University of Montalban
- The Colegio de Montalban Seal
- Type: Government funded public school
- Established: September 25, 2003
- Location: Montalban, Rizal, Philippines 14°45′02″N 121°08′30″E﻿ / ﻿14.75042°N 121.14166°E
- Campus: Urban;
- Hymn: Colegio de Montalban Hymn
- Website: www.pnm.edu.ph
- Location in Luzon Location in the Philippines

= Colegio de Montalban =

Public college in Rizal, Philippines

Colegio de Montalban (CdM; formerly known as the Pamantasan ng Montalban) is a government-funded university in Kasiglahan Village, Rodriguez, Rizal, Philippines.
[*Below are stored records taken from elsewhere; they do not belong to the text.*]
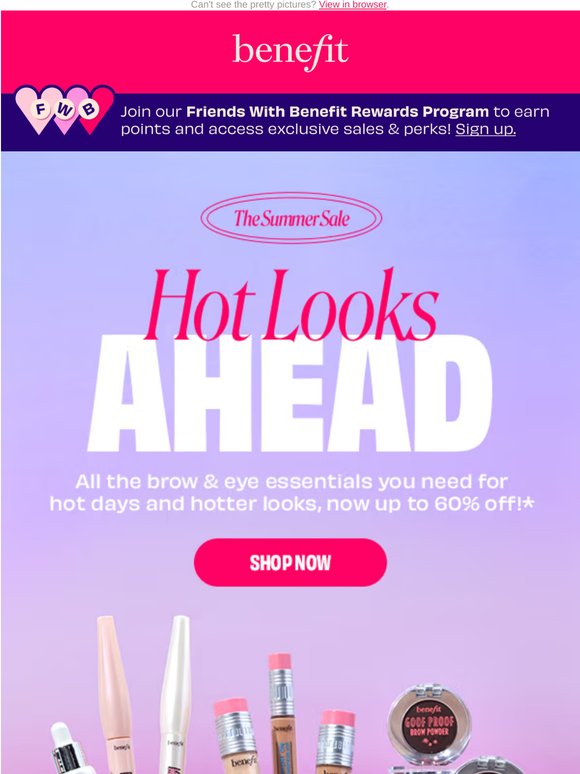 SALE ALERT: Stock up on brows & lash faves now!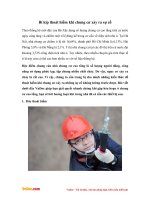 Bí kíp thoát hiểm khi chung cư xảy ra sự cố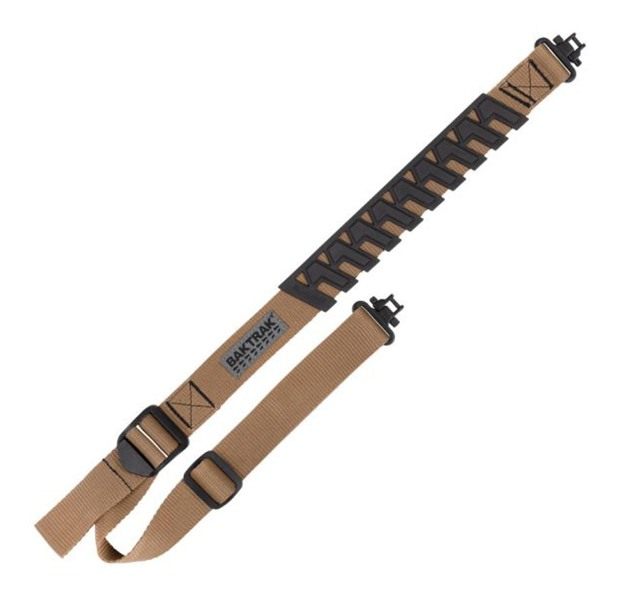 ALLEN TRAK TRACTION WEB SLING W/SWIVELS TAN/BLK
It was established on September 25, 2003 by virtue of Municipal Ordinance No. 03-24, and approved by the Sangguniang Bayan ng Rodriguez to provide vocational-technical and higher education to help alleviate poverty.

From July 2004 to July 2010, CdM was under the administration of Mayor Pedro S. Cuerpo, who was subsequently succeeded by Mayor Cecilio C. Hernandez since July 2010.

On July 7, 2014, by virtue of Sangguniang Bayan ng Rodriguez Ordinance No. 14-15, Pamantasan ng Montalban was renamed Colegio de Montalban.

== History ==
The Pamantasan ng Montalban was established on September 25, 2003 through Municipal Ordinance No. 03-24 and approved by the Sanguniang Bayan ng Rodriguez.

On July 7, 2014, by virtue of Sangguniang Bayan ng Rodriguez Ordinance No. 14-15, and was later confirmed by the Sangguniang Panlalawigan ng Rizal Resolution No. 193 Series of 2014, Pamantasan ng Montalban was renamed Colegio de Montalban.

At present, Colegio de Montalban continues to work towards the holistic development of its students.

== Scholarship ==
CdM offers free tuition and other school fees under the Universal Access to Quality Tertiary Education Act of 2017 or RA 10931.